The Event (Событие) is a 2015 Russian-language Belgian-Dutch documentary film about the 1991 Soviet coup d'état attempt produced, written and directed by Sergei Loznitsa. It was screened out of competition at the 72nd edition of the Venice Film Festival. It won the prize "Leipziger Ring" at the International Leipzig Festival for Documentary and Animated Film.

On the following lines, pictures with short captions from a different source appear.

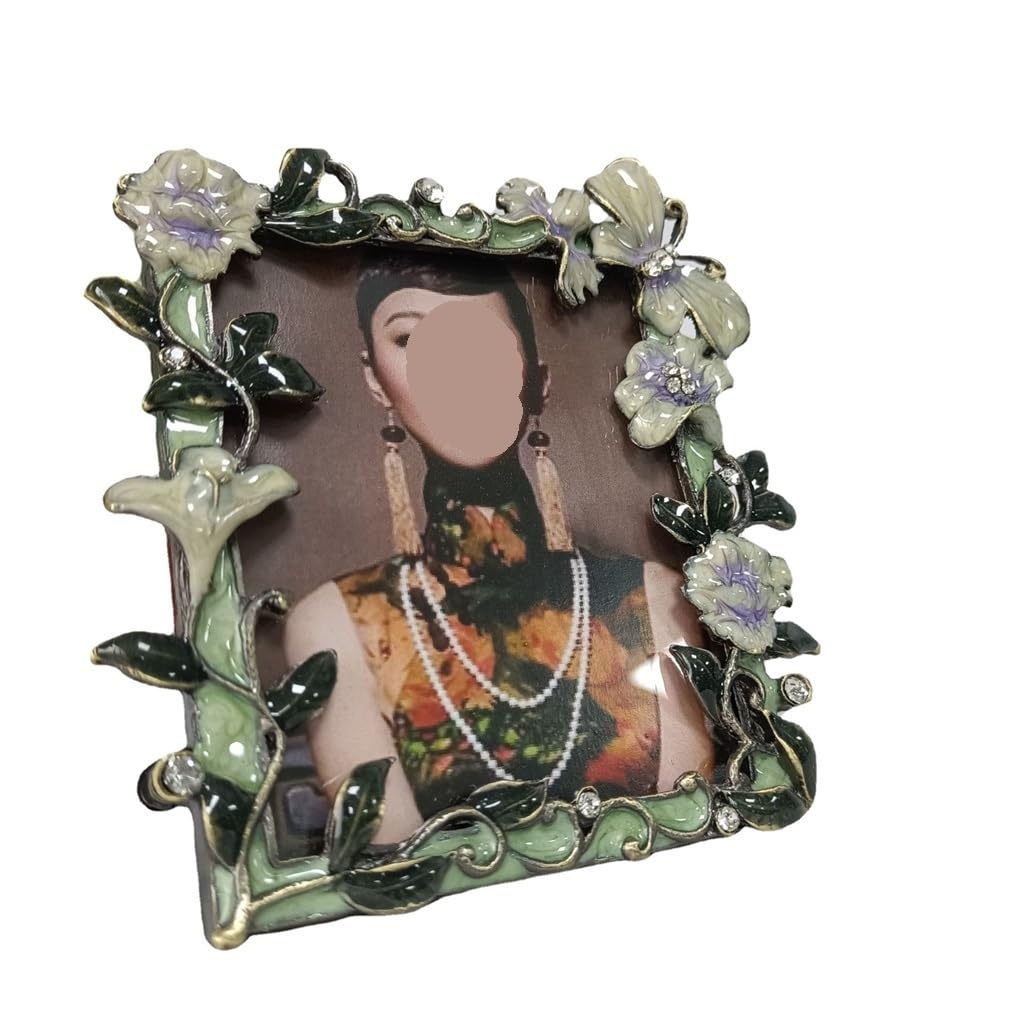 MOBYGKFY Metal Retro Photo Frame, Lightweight Home Decor, Decorative Embellishments, Commemorative
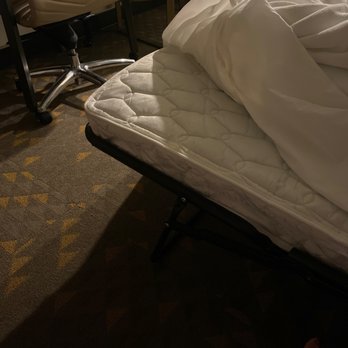 Holiday Inn Overland Park-Conv Ctr - Can see how unstable the mattress is. Bending before any weigh is added. - Hotels Near Me - Leawood, Kansas Holiday Inn Overland Park-Conv Ctr - Can see how unstable the mattress is. Bending before any weigh is added. - Hotels Near Me - Leawood, Kansas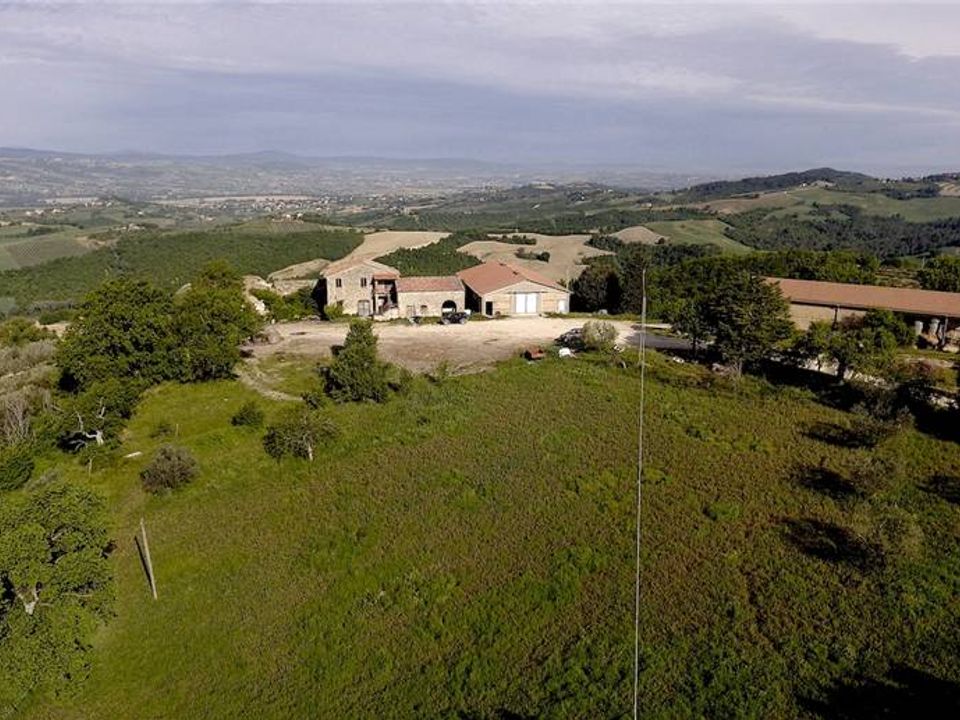 Granja a Gualdo Cattaneo, Perugia - foto 4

Vladimir Putin as aide to St. Petersburg mayor Anatoly Sobchak is shown for a moment.

== Storyline ==
The film tells the story of three days in Leningrad in August 1991, when thousands of people came to Palace Square in support of the democratic forces. On the first day, August 19, there were few people, but the next day there was a huge crowd of about half a million people. The protesters build barricades on the approaches to the Leningrad City Council, leaflets with the logo of the newspaper Chas Pick are distributed, Anatoly Sobchak encourages people on the square from his window, and poets recite revolutionary poems. Sobchak again addresses the people, with his aide Vladimir Putin by his side. On the third day, the State Committee for the State of Emergency is defeated in Moscow, and Anatoly Sobchak in Leningrad declares victory and says that Soviet flags will be replaced by Russian tricolors. At the end of his speech, he said: "Thank you very much for your support, and now go back to your jobs." The young man removes the red flag, while others seal the Smolny Building, where the CPSU was located.